Short Communication - (2022) Volume 12, Issue 3
Received: 03-Mar-2022, Manuscript No. jbmr-22-61511;
Editor assigned: 05-Mar-2022, Pre QC No. P-61511;
Reviewed: 20-Mar-2022, QC No. Q-61511;
Revised: 25-Mar-2022, Manuscript No. R-61511;
Published:
30-Mar-2022
, DOI: 10.4172/:2223-5833.2022.12.434
Citation: Sharma, Jyoti. “A Note on Life Cycle Management.” Arabian J Bus Manag Review 12 (2022): 434.
Copyright: © 2022 Sharma J. This is an open-access article distributed under the terms of the Creative Commons Attribution License, which permits unrestricted use, distribution, and reproduction in any medium, provided the original author and source are credited.
Life cycle management is a business management concept used in the industrial and service sectors to improve products and services while also improving the business's and its value chains' overall sustainability performance. Businesses that are ambitious and devoted to lowering their environmental and socioeconomic load while maximising commercial and social value can use life cycle thinking and product sustainability. In this case, life cycle management is employed to attain long-term goals rather than short-term corporate success. Other applications of the phrase "life cycle management" include engineering and manufacturing (product life cycle management) and software development (application life cycle management), as well as buildings, plants, and information management. There is a greater need to define this phrase and its definition [1].

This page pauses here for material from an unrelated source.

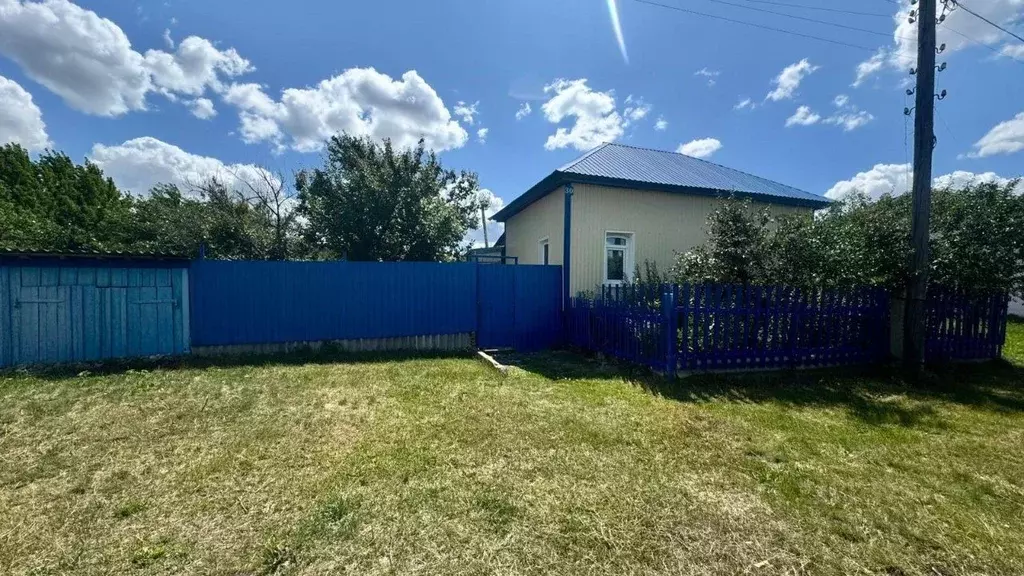 Дом в Саратовская область, Красноармейский район, Рогаткинское ... - Фото 1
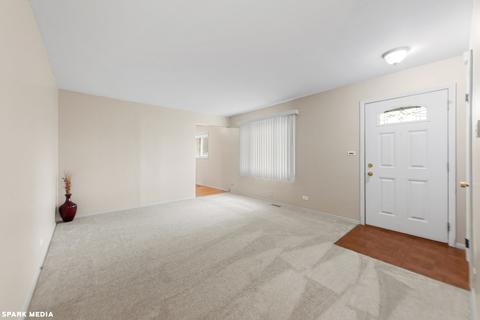 405 Alpine Ln, Hoffman Estates, IL 60169 photo 8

Understanding the genuine short- and long-term implications of a company activity necessitates having a holistic approach to sustainability. To assess the complete impacts of an activity, product, or service from its beginning to its finish, life cycle thinking has developed as a useful tool in sustainability. This is in contrast to traditional business strategies, which have generally focused on more immediate issues such as cost, quality, and supply chain availability. These factors are still considered in life cycle thinking, but over the course of a product's lifespan. While traditional business methods have paid little attention to disposal expenses, life cycle thinking views disposal as a vital element of the overall process of providing a product or service [2].
LCM is primarily a business management concept for sustainable products that can be used in the industrial and service sectors to improve specific goods and services while also improving the overall sustainability performance of the organisation and its value chains. It allows firms that are ambitious and committed to reducing their environmental and socio-economic burden while maximising economic and social values to put life cycle thinking and product sustainability into practise. In this case, LCM is used for more than just short-term corporate success; rather, it is used to propel businesses forward toward long-term success and long-term value generation. As a result, LCM necessitates a holistic perspective and a thorough grasp of company interdependency in order to enable important decisions and activities that will help firms improve [3].
In a corporate environment, life cycle thinking evaluates business activities from "cradle to grave." The implications of raw material extraction and other inputs are considered first in the cradle to grave process. It takes into account the transit of inputs into the organisation as well as the effects of the transformation process into a valuable product or service that takes place there. It then examines transit from the organisation to the product or service's use and eventual disposal. At each stage of the life cycle, inputs and outputs, such as raw materials and waste, are given special attention. Businesses have established a complex strategy for considering their environmental and social implications called life cycle thinking. Life cycle management is a management philosophy that incorporates a comprehensive life cycle strategy for firms in managing their value chain (LCM). A value chain is a series of interconnected operations that an organisation engages in to provide a product or service, each of which adds value. LCM is a method for organising, assessing, and managing sustainability impacts across the course of a product's, processes, or activity's whole life cycle. LCM can happen at the product or service level, as well as at the corporate level. For example, a corporation might want to manage the life cycle of one of its goods to promote sustainability, or it might want to manage the life cycle of one of its products to improve efficiency [4,5].
When life-cycle-based accounting was first utilised to account for environmental emissions and economic costs connected with various energy systems in the 1960s, life cycle thinking became popular. Three major phases of a life cycle are depicted in the diagram below. The extraction of resources or the effects of factors that serve as inputs to the process are referred to as the cradle. There are inputs and outputs in every company action or process, including water, energy, emissions, and waste. The finished output of the activity is at the gate once it is completed. The gate marks the point at which a business output activity is completed and passes on to the next stage of its life cycle outside of the company. The gate in a tablet PC manufacturer, for example, is when the created tablet is packaged and ready to ship from the plant. The active use phase lasts from the gate until the burial.